Martin Probst's weblog

XQuery too complex?

Tuesday, December 6, 2005, 09:22 — 1 comment Edit

I’m repeatedly reading that XQuery was ‘too complex’, i.e. from Uche Ogbuji on xml-dev or in this article. That may be true if your implementing an XQuery engine, but the surprising thing is that this is mostly claimed by XQuery users (not implementors!).

I kind of wonder why. Sure, the spec took much too long, it’s quite complicated, and with all it’s references too static typing, XML schema etc. it can be quite scary. But which user reads the spec? And why should they?

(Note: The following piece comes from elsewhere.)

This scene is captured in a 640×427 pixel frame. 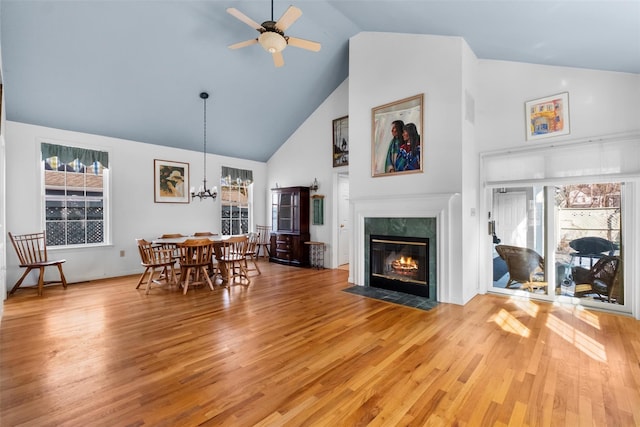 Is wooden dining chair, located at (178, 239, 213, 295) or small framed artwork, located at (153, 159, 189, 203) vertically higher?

What you have to know about XQuery are three things:

What you don’t need to know (but may find interesting) is: there is a lot more to XQuery (functions, typing, …), but it wont get into your way if you don’t explicitly ask for it. The whole syntax a newbie who knows XPath and XML, e.g. the typical XSLT 1.0 user, has to understand is this:

  let $foo := “bar”
  for $x in doc(‘a.xml’)/my/xpath[@attr = $foo]
  for $y := doc(‘b.xml’)/more/xpath
  where $x/@id = $y/@id
  order by $x/name
    <newtag>{ $x/name, $y/address }</newtag>

There’s a lot more out there, but this is everything you really have to know. for loops and let statements to aggregate XML, where for easy-to-use joins, XPath to actually get the data, XML literals to group it together. If that’s too complex for you, I don’t know. Anyone who was able to twist his mind around XSLT should be able to use that. Plus, in the areas where XSLT 1.0 fails horribly (strings, grouping, …) XQuery provides the functionality without forcing you to write 20 lines of stylesheet code for “replace($haystack, $needle, $replacement)”. This is just a subset of what XQuery has to offer, but it’s the most important part, and it’s the part that gives the user direct, large benefits over other XML technologies (XSLT, XPath) in querying XML.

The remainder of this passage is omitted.